=== DATA FOR THIS TASK ===
'''

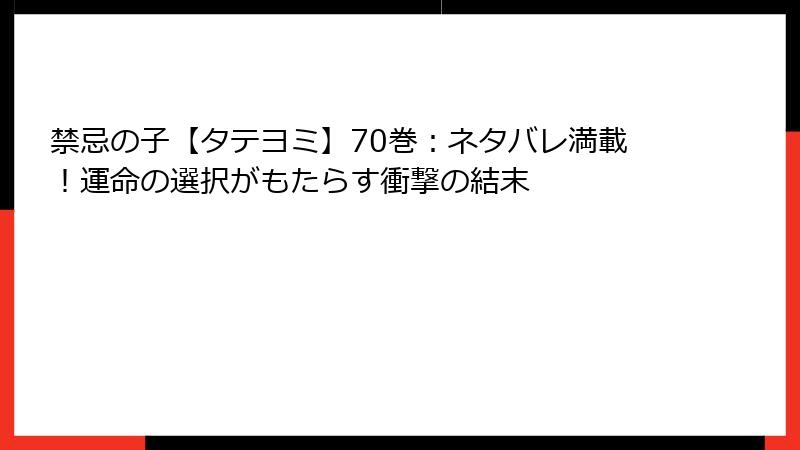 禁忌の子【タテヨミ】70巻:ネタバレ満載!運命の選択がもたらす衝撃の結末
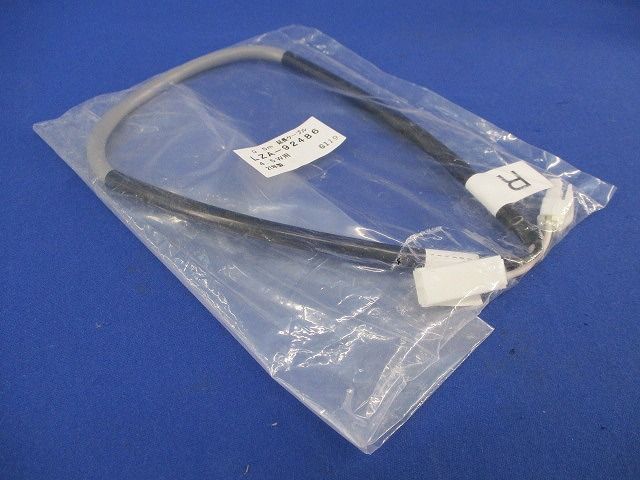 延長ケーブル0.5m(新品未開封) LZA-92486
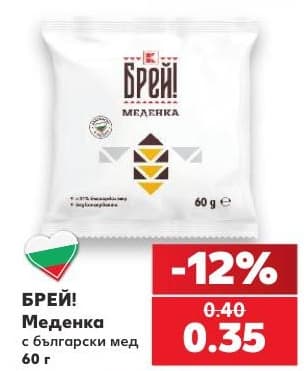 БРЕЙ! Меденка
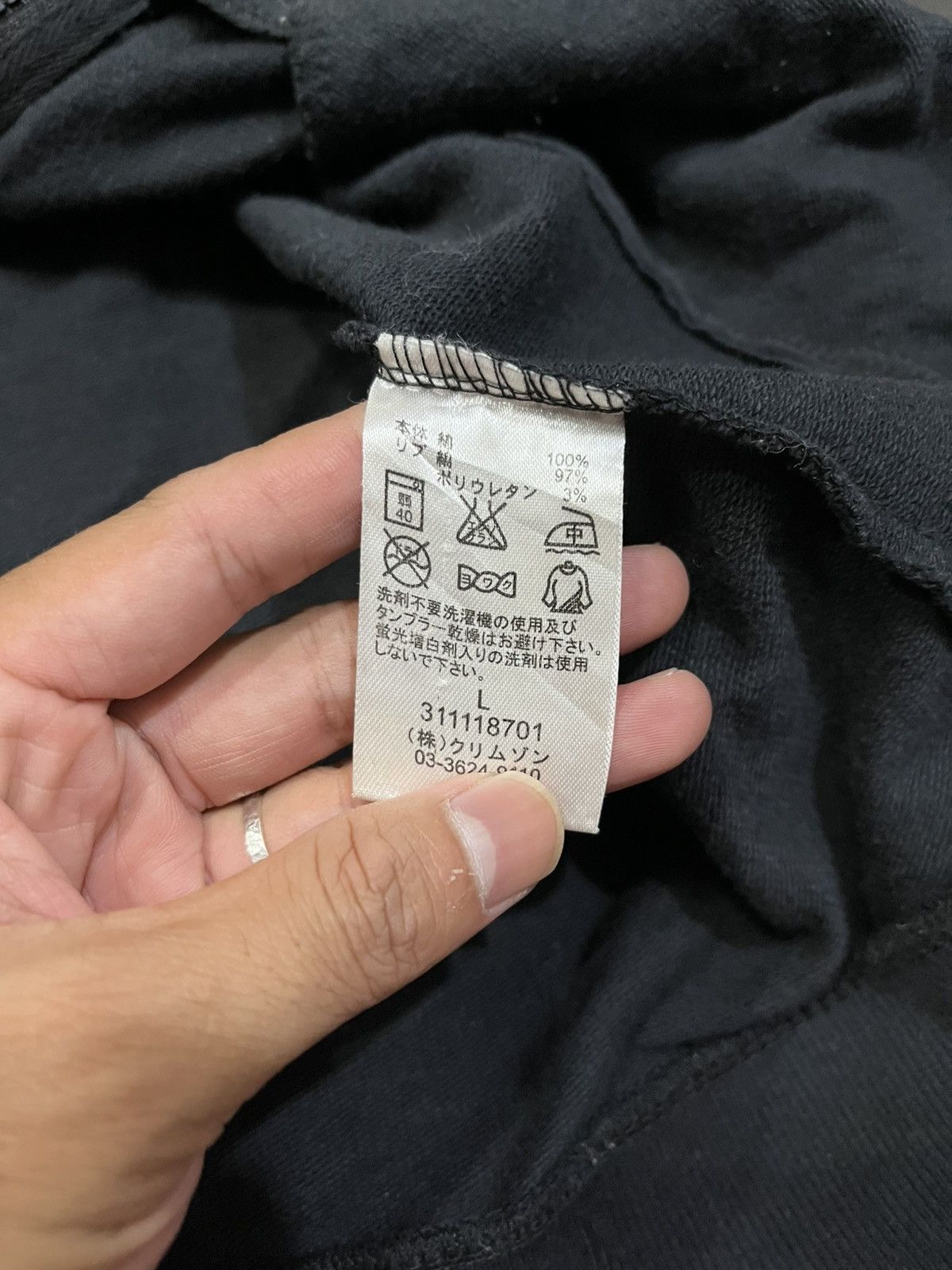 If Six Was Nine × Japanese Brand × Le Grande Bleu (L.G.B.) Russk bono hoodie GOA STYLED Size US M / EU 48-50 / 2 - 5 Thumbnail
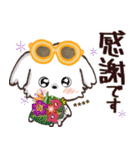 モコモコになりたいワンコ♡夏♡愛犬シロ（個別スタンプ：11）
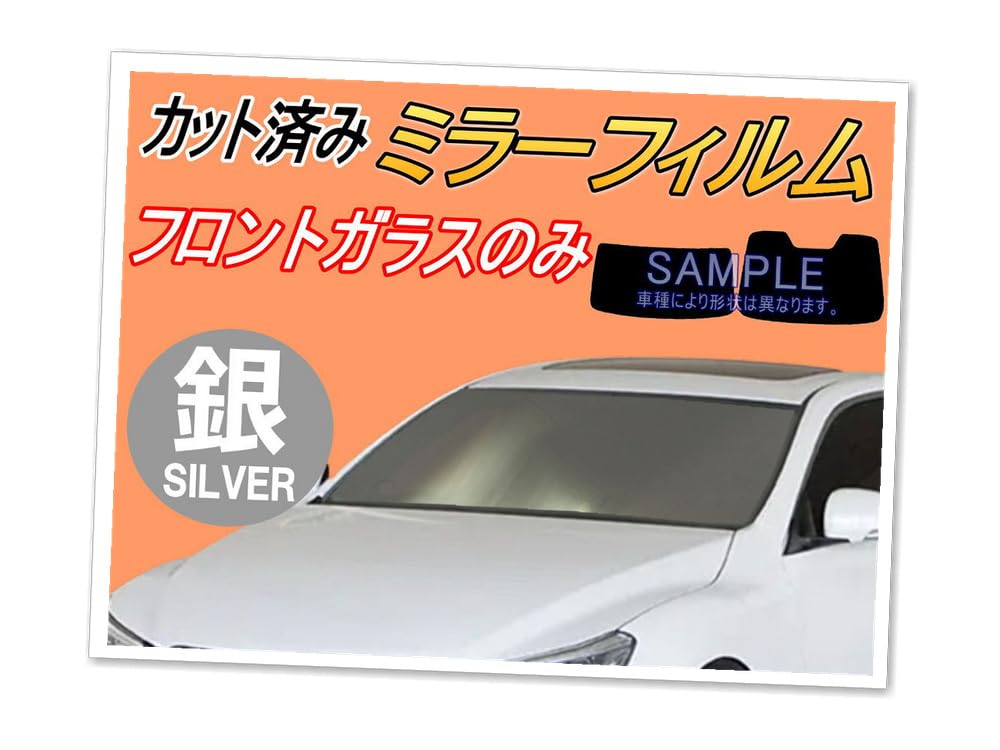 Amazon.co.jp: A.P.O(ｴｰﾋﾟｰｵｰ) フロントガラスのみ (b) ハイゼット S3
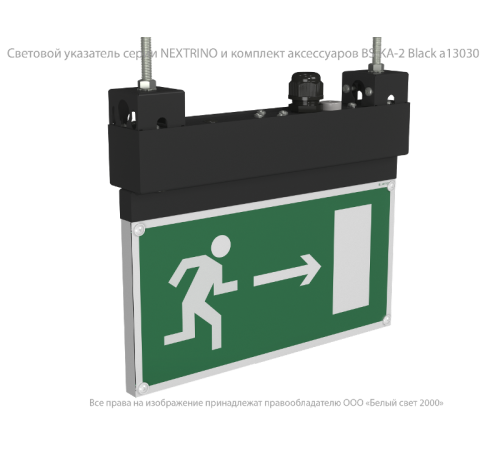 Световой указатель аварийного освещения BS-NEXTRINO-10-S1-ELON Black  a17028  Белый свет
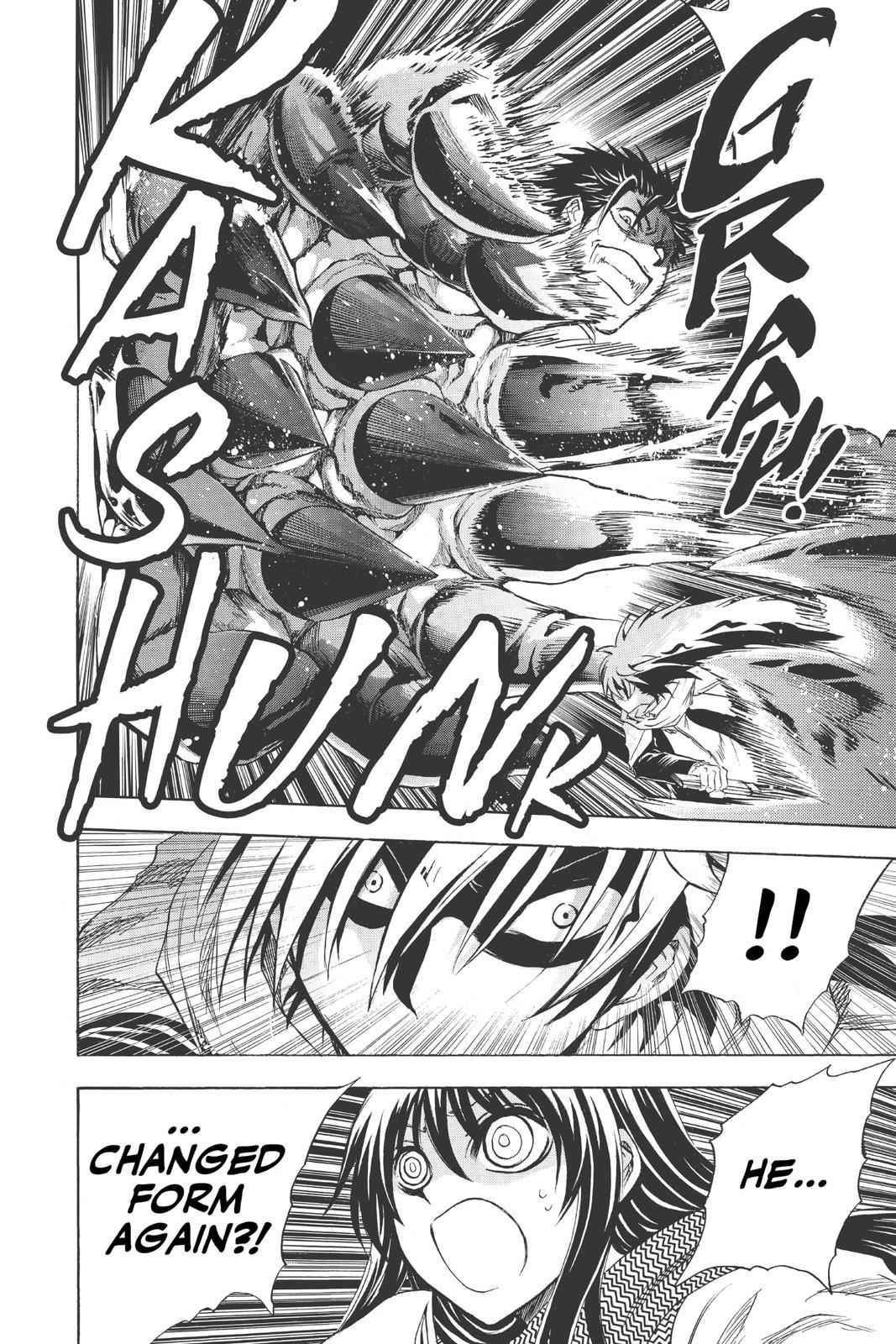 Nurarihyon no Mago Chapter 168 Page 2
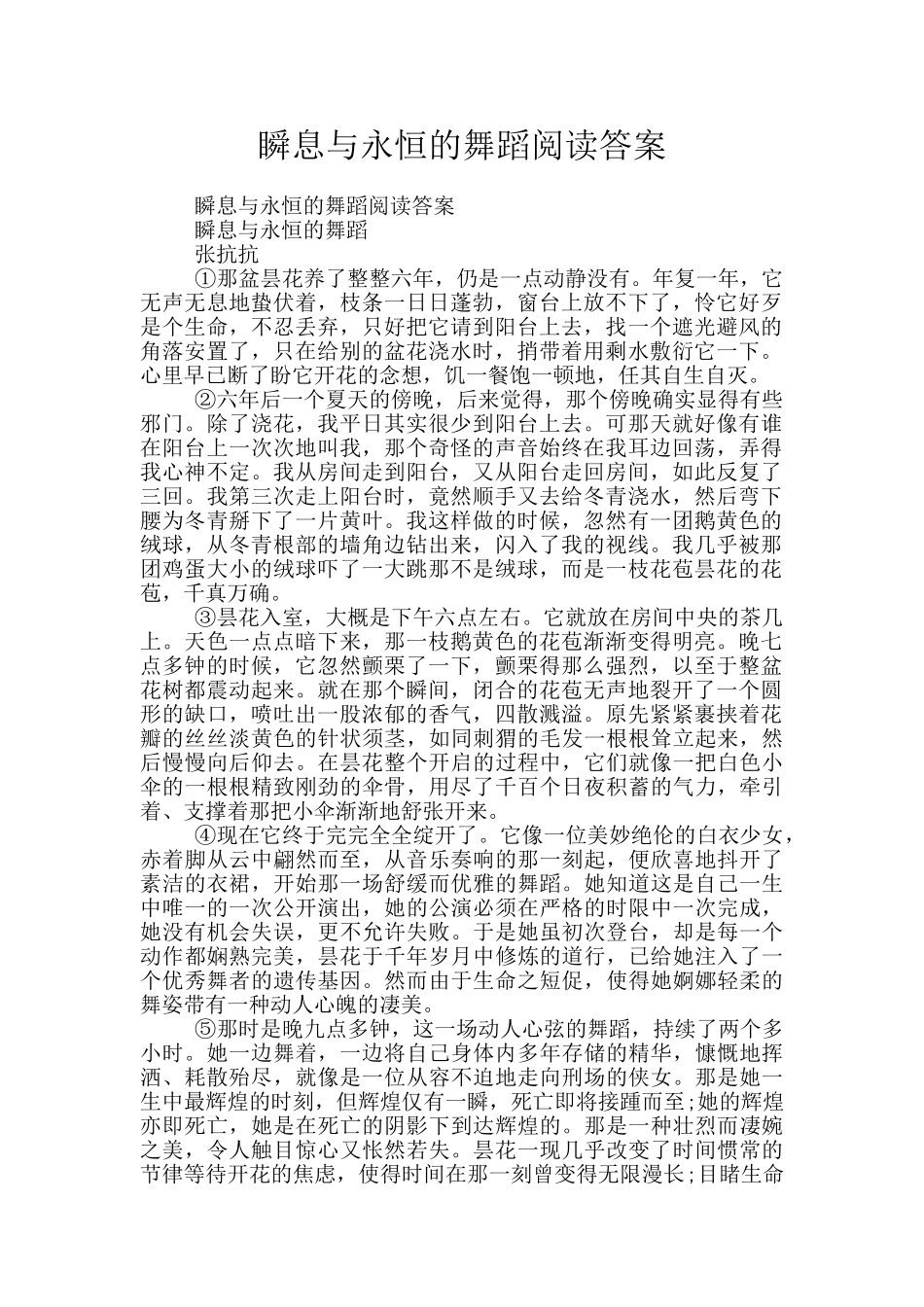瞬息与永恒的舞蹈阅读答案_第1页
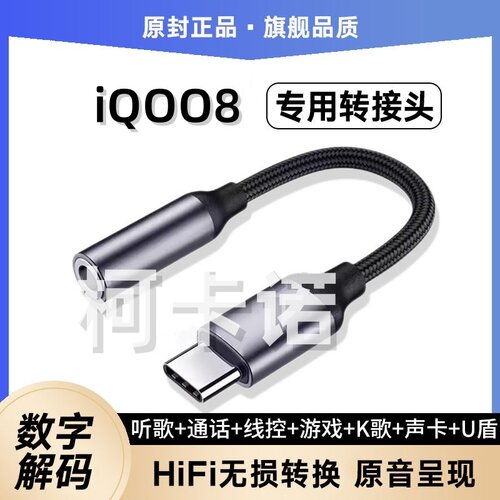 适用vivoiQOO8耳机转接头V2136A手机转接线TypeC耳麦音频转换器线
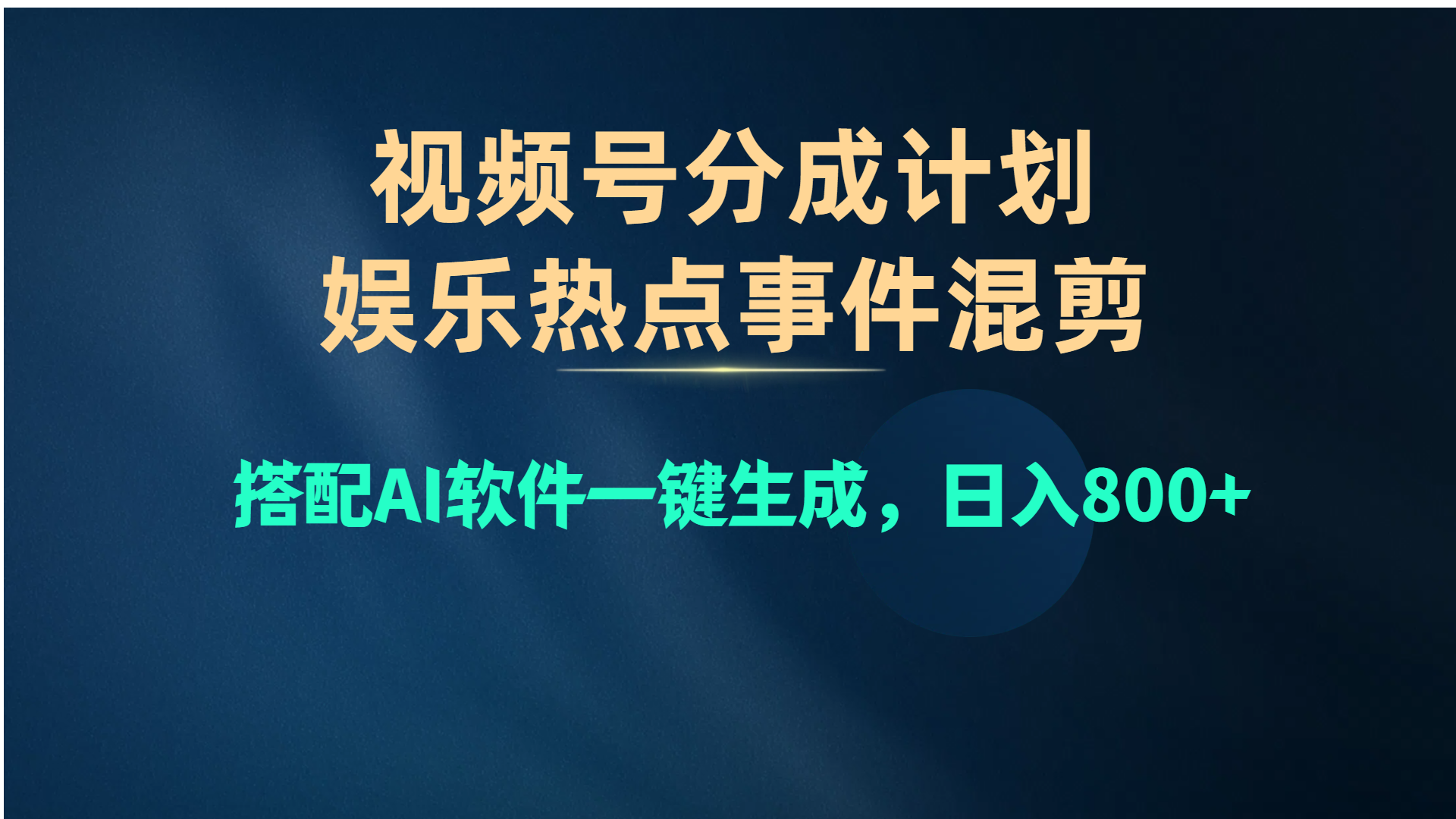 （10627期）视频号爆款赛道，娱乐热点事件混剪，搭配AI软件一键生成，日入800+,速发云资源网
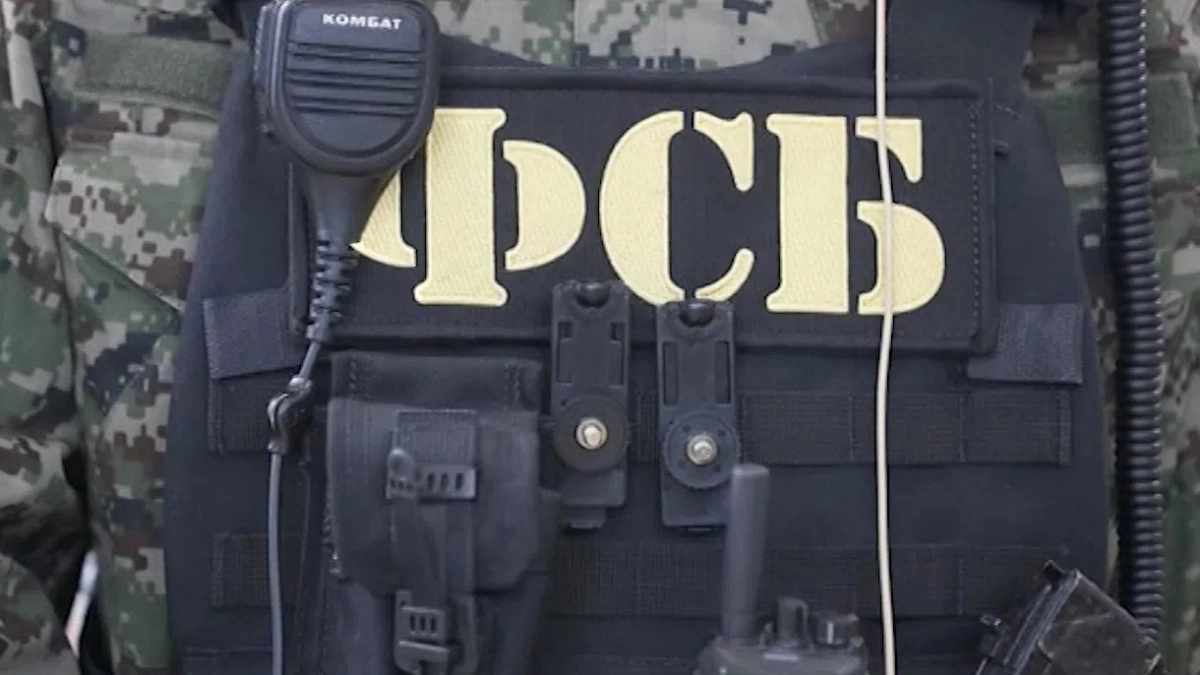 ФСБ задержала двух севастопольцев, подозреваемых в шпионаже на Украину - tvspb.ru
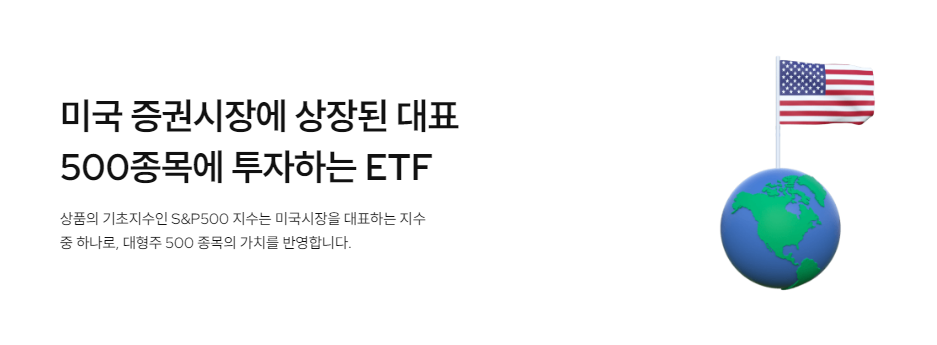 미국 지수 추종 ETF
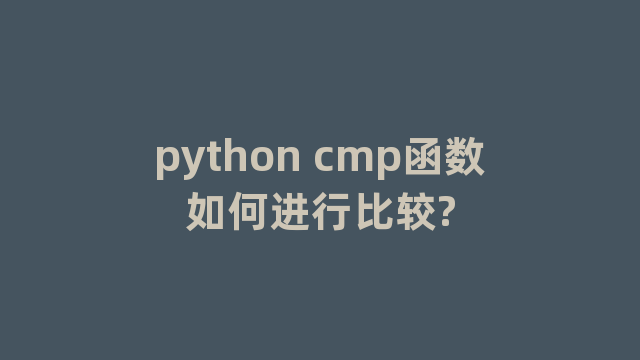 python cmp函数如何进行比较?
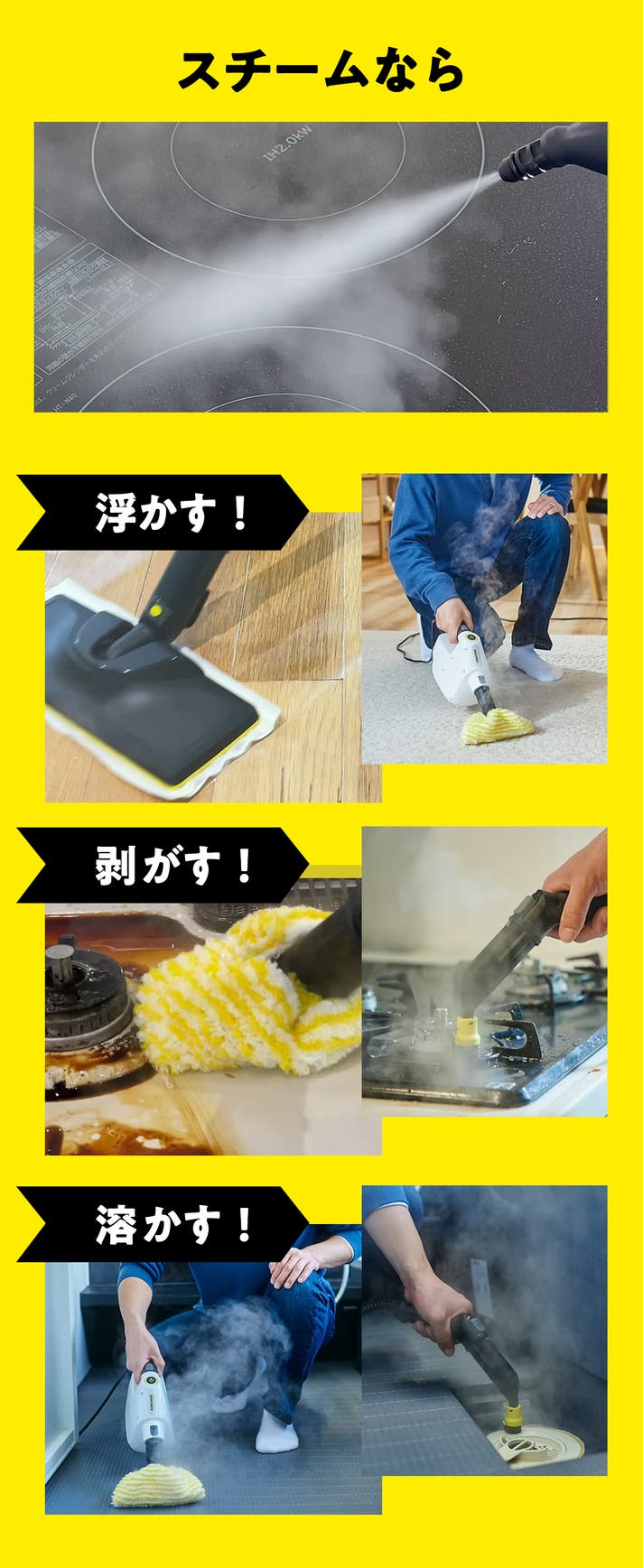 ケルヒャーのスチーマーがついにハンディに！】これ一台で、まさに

'''

=== DIRECTIONS ===
Copy word for word the span of the records above that begins at the line with "Световой указатель аварийного" and ends at the line with "미국 지수 추종 ETF", including those two lines but not the pictures.

=== SOLVED PROBLEM ===
 Световой указатель аварийного освещения BS-NEXTRINO-10-S1-ELON Black  a17028  Белый свет
 Nurarihyon no Mago Chapter 168 Page 2
瞬息与永恒的舞蹈阅读答案_第1页
 适用vivoiQOO8耳机转接头V2136A手机转接线TypeC耳麦音频转换器线
 （10627期）视频号爆款赛道，娱乐热点事件混剪，搭配AI软件一键生成，日入800+,速发云资源网
 ФСБ задержала двух севастопольцев, подозреваемых в шпионаже на Украину - tvspb.ru
 미국 지수 추종 ETF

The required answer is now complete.